Tom Bateman of Rockport is professor emeritus with the University of Virginia’s McIntire School of Commerce.
We feel frustrated, angry, powerless and “stupefied” by the chaos surrounding climate change: hostile politics, coverups, lies, misinformation and conversations stymied by disagreement. Cutting through the noise can help us leave confusion behind, bypass roadblocks and solve our climate problems.
Fundamental truths and encouraging news offer common ground for launching successful climate action. Contrary to long-running disinformation campaigns, climate experts are virtually unanimous in accepting these six “key truths”: climate change is real, it’s on us, experts agree, it’s bad, people care and there’s hope.
Why hope? We have the necessary knowledge (climate data and scientific consensus on causes, effects and solutions) and technical tools (alternative energy sources, mitigation and adaptation technologies and systems thinking).
Moreover, we — as individuals and as a species — can capitalize on our untapped abilities and capacities for successful climate action. We think about our long-term future (but only sometimes), make wise decisions (when we really try), collaborate (when seeing the need) and make changes that forge better futures than the ones we’re heading toward (when we initiate action and keep eyes on the prize).
When we wisely apply our extraordinary capabilities, we will successfully manage climate change.
In the nonhuman natural world, some species adapt by evolving at rates far faster than previously thought possible. Scientists long understood evolution as a slow and gradual process of genetic change. But they recently discovered an additional path: evolution can occur through brief bursts in fast-changing periods like now.
We humans, too, can evolve more quickly — behaviorally, culturally and intentionally — by strategically changing how we think and behave.
An intentional, rapid-evolution mission to address our climate crisis is daunting but feasible. We’ve made vital progress despite extreme temperatures, rising electricity use and higher industrial consumption. Solar and wind power are growing faster than carbon emissions and now meet all new electricity demand. The door is open for reaching drawdown by starting and sustaining a steady decline in fossil fuel use.
Progress, when the word spreads, is a powerfully motivating asset. Here’s further progress: growing majorities in the United States want the government to prioritize global warming and clean energy, enact reduce carbon-caused pollution and rejoin the Paris Climate Agreement (which just met in Brazil, without the United States).

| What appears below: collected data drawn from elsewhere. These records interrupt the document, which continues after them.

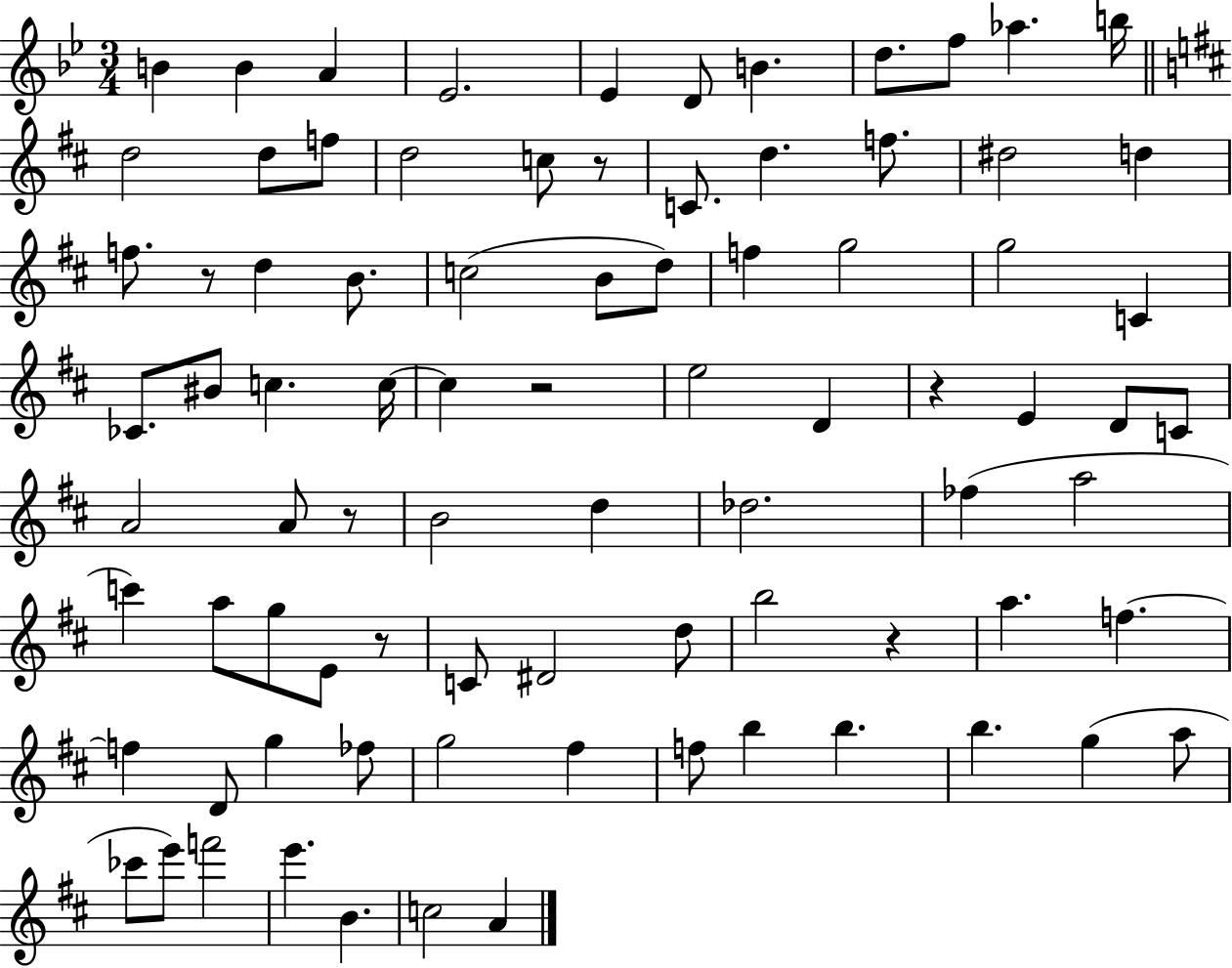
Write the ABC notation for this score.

X:1
T:Untitled
M:3/4
L:1/4
K:Bb
B B A _E2 _E D/2 B d/2 f/2 _a b/4 d2 d/2 f/2 d2 c/2 z/2 C/2 d f/2 ^d2 d f/2 z/2 d B/2 c2 B/2 d/2 f g2 g2 C _C/2 ^B/2 c c/4 c z2 e2 D z E D/2 C/2 A2 A/2 z/2 B2 d _d2 _f a2 c' a/2 g/2 E/2 z/2 C/2 ^D2 d/2 b2 z a f f D/2 g _f/2 g2 ^f f/2 b b b g a/2 _c'/2 e'/2 f'2 e' B c2 A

We will mobilize more productive climate action when we:
1. Rethink responsibility. We will fail if we collectively don’t take on more responsibility for building the future we need. Responsibility is about more than blaming guilty parties, although accountability for damages is a worthy objective. Beyond that, more of us need to accept shared responsibility for our own future.
Routine, unthinking short-termism is hurting us badly. We can change that mindset by embracing this George Bernard Shaw quote: “We are made wise not by the recollection of our past, but by responsibility for our future.”
2. Become more proactive. “We should’ve been more proactive” is a frequent refrain — so common that it seems trite. However, the climate crisis underscores the importance of that lesson. At a minimum, being proactive means starting tasks sooner rather than later. More broadly, it’s about acting on behalf of our future by addressing problems before they escalate and seizing opportunities before they close.
The window of opportunity for productive climate action is still open. Even if we miss an announced target, further reducing emissions and increasing clean energy use will help our future climate. Continual, responsible proaction is a world-class virtue, driven by thoughtful future-mindedness.
3. Persist without backsliding. Urgent climate action is crucial, but not enough. Steadfast persistence is imperative. Fleeting actions — dabbling, taking baby steps and making progress only to plateau or backslide — won’t deliver what we need.
After doing something righteous — even routine actions like recycling — we often give ourselves license to slack off. We need to replace that default with strategies that will sustain our climate efforts throughout the long haul ahead.